→ YOUR OBJECTIVE
Your copy starts at the line containing "Southlake Paws Instagram Video Home Decor" and ends at the last line below. Copy exactly, without pictures.

→ DATA TO USE
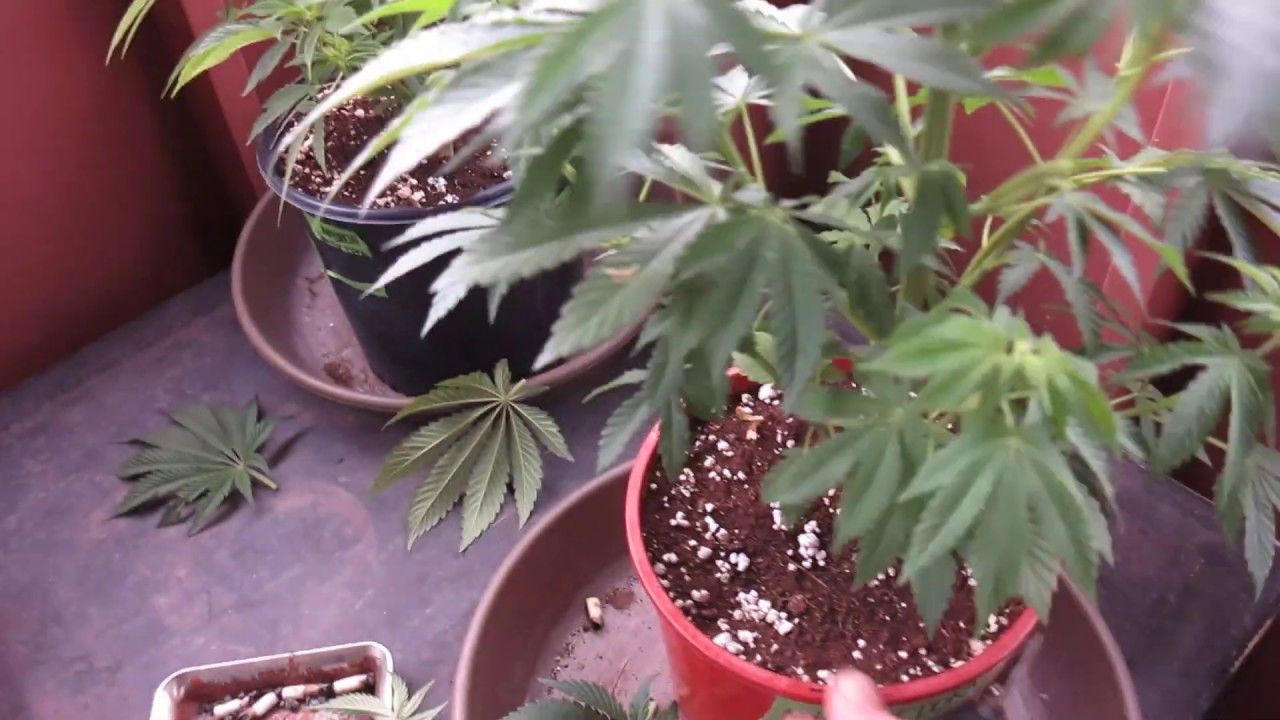 HOW TO PRUNE CANNABIS THE SPIRAL TECHNIQUE YouTube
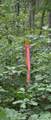 9676 Campbell Road - Photo 44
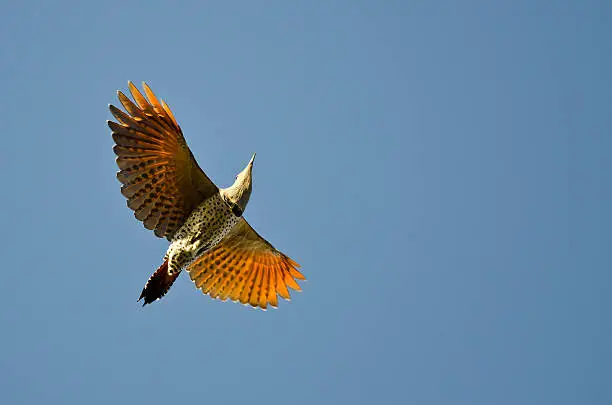 Photo of Northern Flicker Flying in a Blue Sky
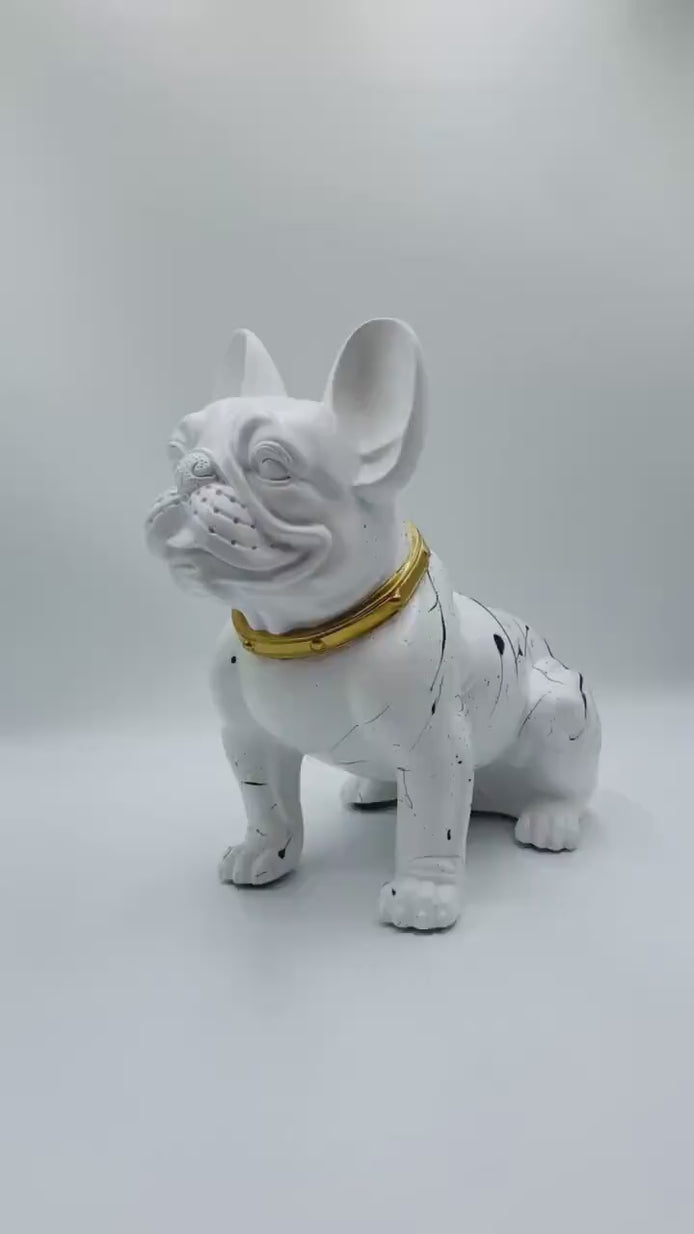 Southlake Paws Instagram Video Home Decor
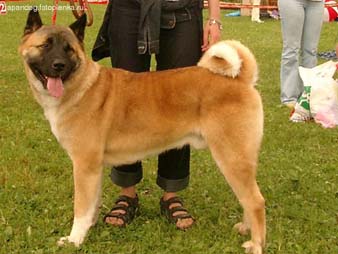 Akita Inu (un câine mare japonez)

→ EXERCISE SOLUTION
 Southlake Paws Instagram Video Home Decor
 Akita Inu (un câine mare japonez)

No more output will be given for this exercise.